Generally, it is traditionally forbidden to kill a fellow member of an Ateker, as such an act is considered equivalent to killing a brother. Customary laws also regulate various aspects of social life, including marriage (akuuta), grazing rights, and conflict resolution. Intermarriage within the same Ateker is traditionally prohibited, as marriage is viewed as a means of forging alliances between different Ngatekerin (plural of Ateker). Divorce (elakit or akilak) is managed through customary processes, with representatives from both families working to resolve disputes before separation is sanctioned.

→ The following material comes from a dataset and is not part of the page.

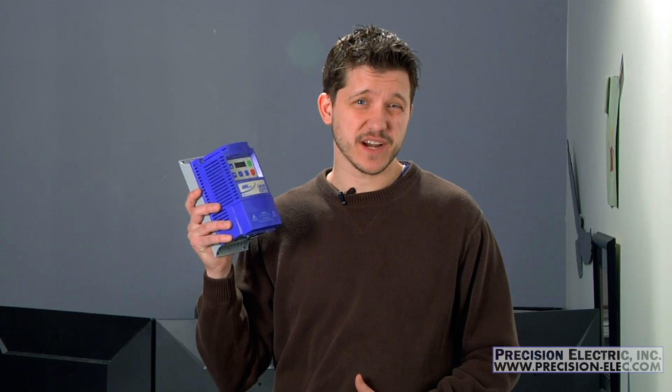While this video does briefly cover how to de-rate your variable frequency drive for single phase input, we strongly encourage you to give us a call so that we can make sure you size it appropriately — we're more than happy to do that for you. The risk you run with not properly de-rating and sizing the drive is that if you pull full current on the drive you can blow it up.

Elders play a central role in overseeing communal matters, including the management of grazing lands (achok or akitwar) and the conduct of important cultural ceremonies (akiriket), such as those for rainmaking, peacebuilding, and the annual blessing of livestock (akero).

=== Lifestyle ===
Members of each Ateker live their lives in a similar lifestyle. Diversified groups within one Ateker usually have traces of laws and customs that can be traced to the original group.

=== Land ===
Land is one characteristic that helps in determining membership in an Ateker. Members of one Ateker usually occupy adjoining areas. Land adjudication forms the basis for laws and customs. In the Turkana Ateker, land is subdivided into regions or territorial sections, ŋiTela. Each Ekitela institutes its own common laws which are derived from the general laws of the whole nation or kingdom.

=== Religion ===
Religious beliefs of one Ateker are similar. The supreme deity worshiped has one common name.

=== Common ancestry ===
Members of one Ateker have a common ancestral origin.
Members of Ateker have different ancestral origin. within the Ateker subdivisions of the Turkana/Ngiturukana and the Karimojong/Ngikarimojong, the Karimojong/ngikarimojong subscribe to Nakadanya which is believed to be the holly ground for Ngimatheniko/Ngikori (Moroto District), Ngipian/Ngimuriai (nabilatuk and Nakapiripirit Districts), Ngibokora (Napak District) and the Dodoth/ngikaleeso of Kaabong and Karenga Districts. the Turkana/Ngiturkana of Northwestern Kenya are subscribed to Moru-anayiece as their holly and Ancestral ground. However, they speak related languages and can hear each other.